§ **Task details**: In this exercise, the entries below include pictures. Repeat exactly the lines from the line with "Red Palaka Hawaii" to the line with "Dining Chairs Set", including both, but without the pictures.

§ **Information shown**:
^^^^^^^^^^^^^^^^
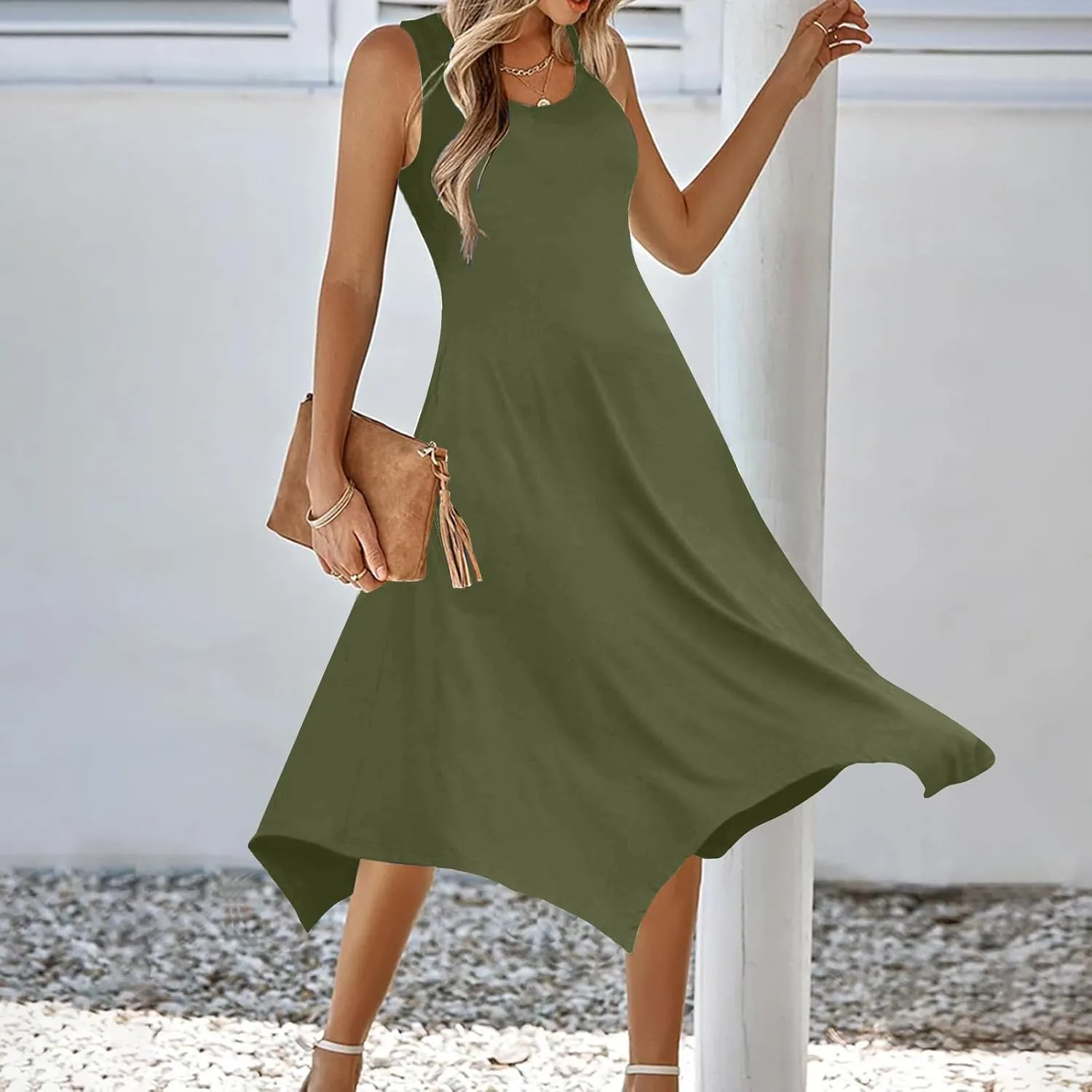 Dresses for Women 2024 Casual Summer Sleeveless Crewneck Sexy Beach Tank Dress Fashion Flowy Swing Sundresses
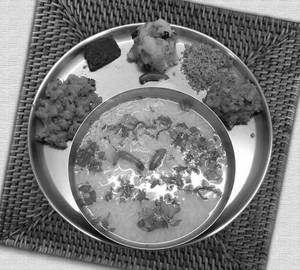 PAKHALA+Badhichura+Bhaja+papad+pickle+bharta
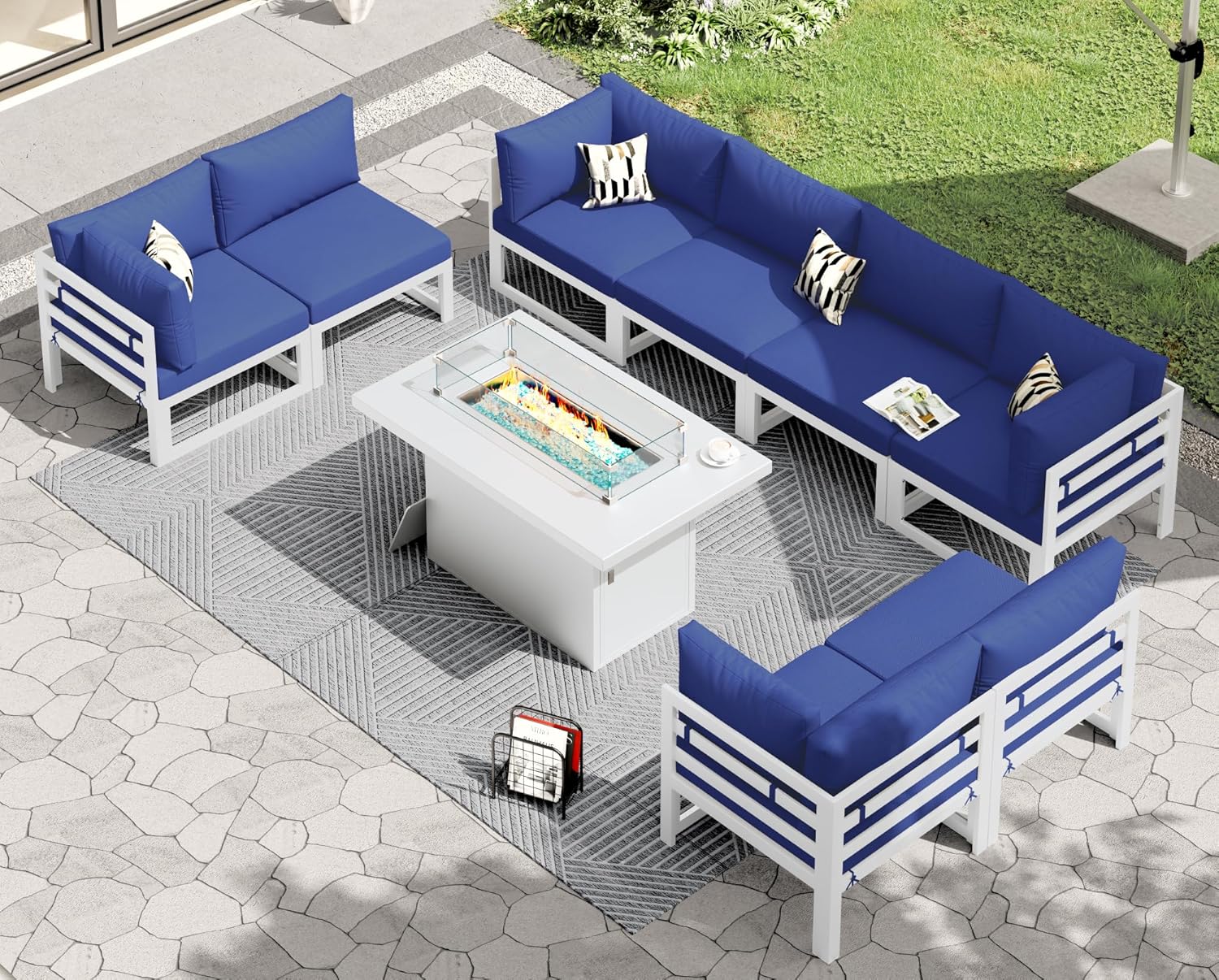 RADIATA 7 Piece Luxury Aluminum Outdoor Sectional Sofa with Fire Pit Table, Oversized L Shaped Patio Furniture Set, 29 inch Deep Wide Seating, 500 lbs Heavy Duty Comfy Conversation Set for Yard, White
^^^^^^^^^^^^^^^^
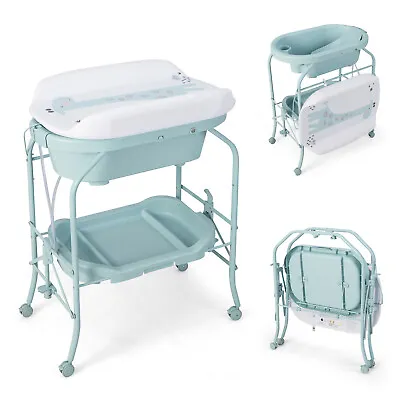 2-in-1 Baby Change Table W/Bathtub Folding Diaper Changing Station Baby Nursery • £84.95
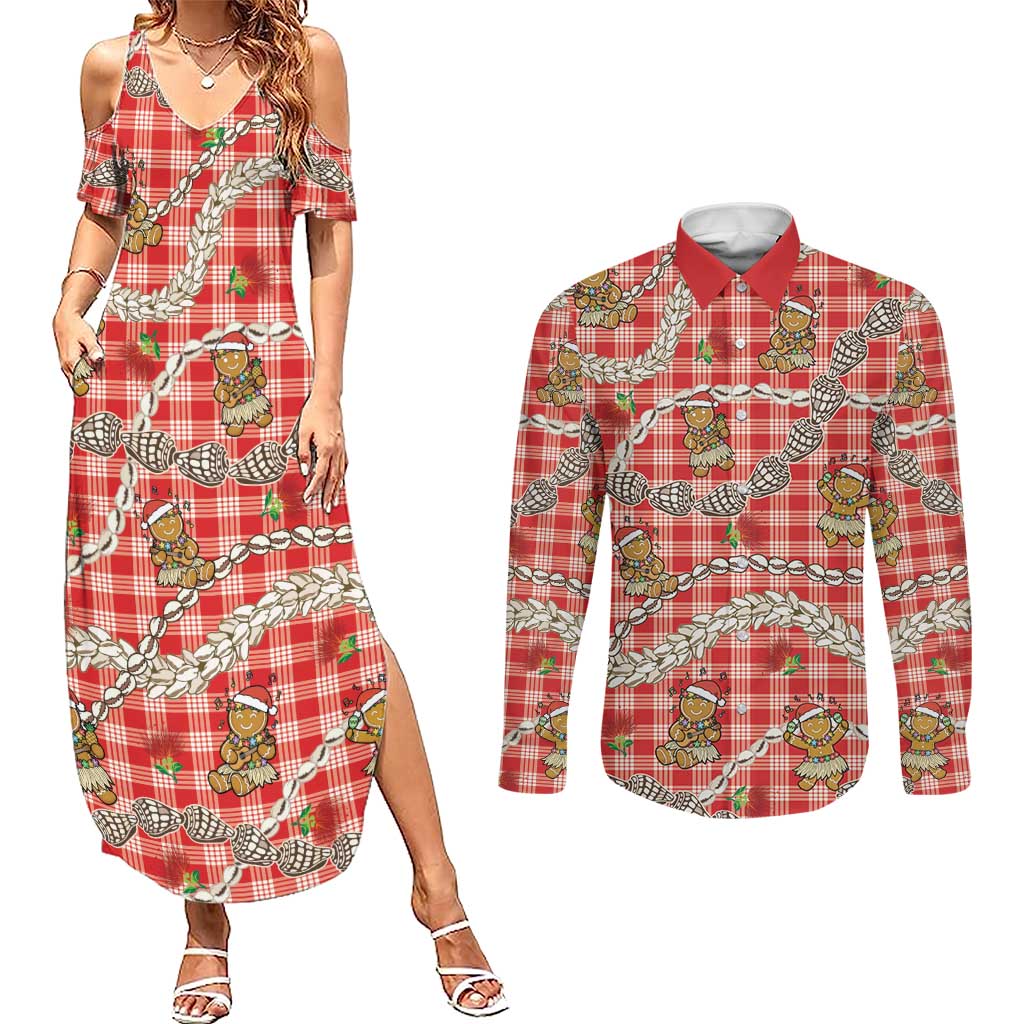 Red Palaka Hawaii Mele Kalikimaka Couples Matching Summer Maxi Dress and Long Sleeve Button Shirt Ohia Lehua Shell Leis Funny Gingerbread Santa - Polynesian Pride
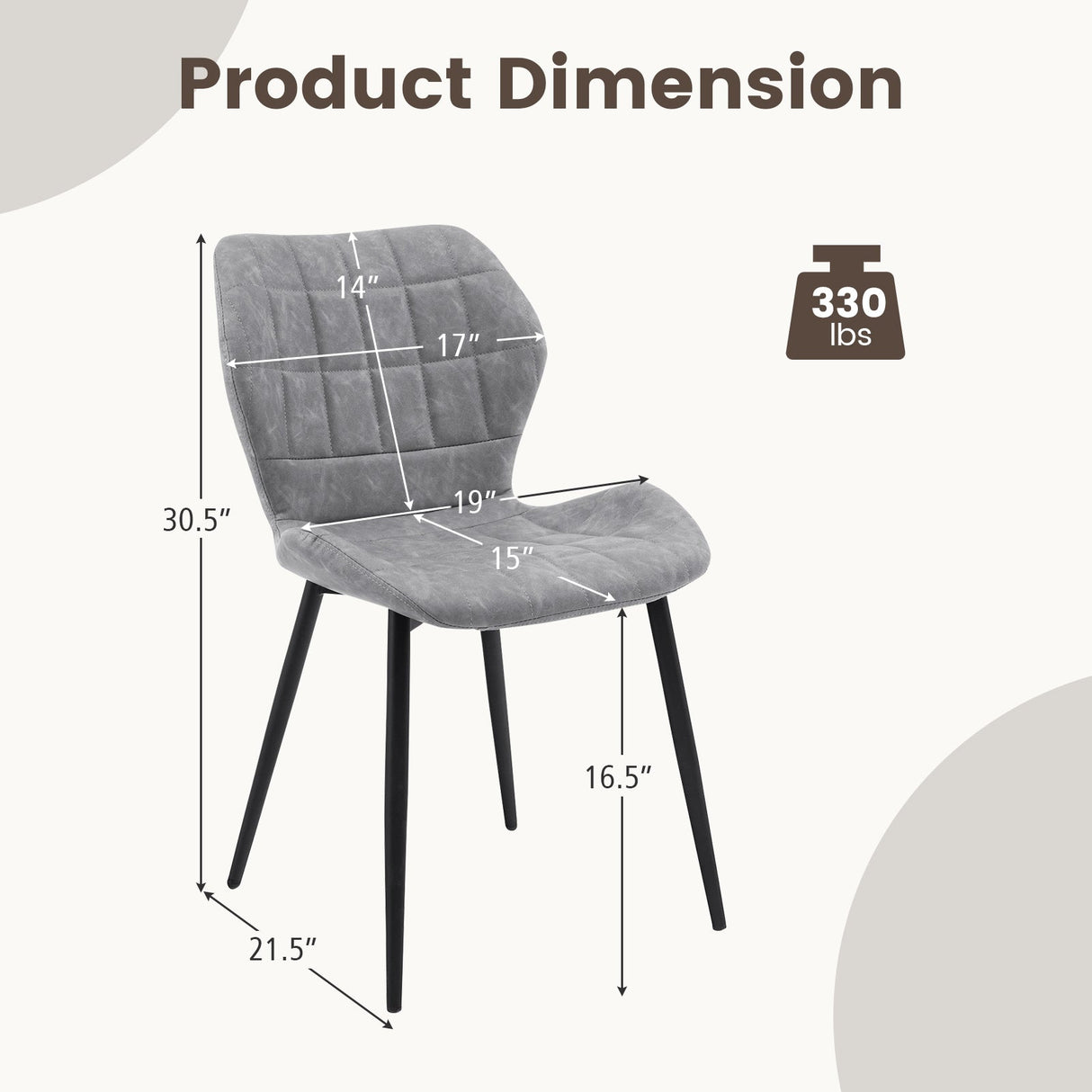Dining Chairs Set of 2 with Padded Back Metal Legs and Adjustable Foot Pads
^^^^^^^^^^^^^^^^
§ **Response to this task**:
 Red Palaka Hawaii Mele Kalikimaka Couples Matching Summer Maxi Dress and Long Sleeve Button Shirt Ohia Lehua Shell Leis Funny Gingerbread Santa - Polynesian Pride
Dining Chairs Set of 2 with Padded Back Metal Legs and Adjustable Foot Pads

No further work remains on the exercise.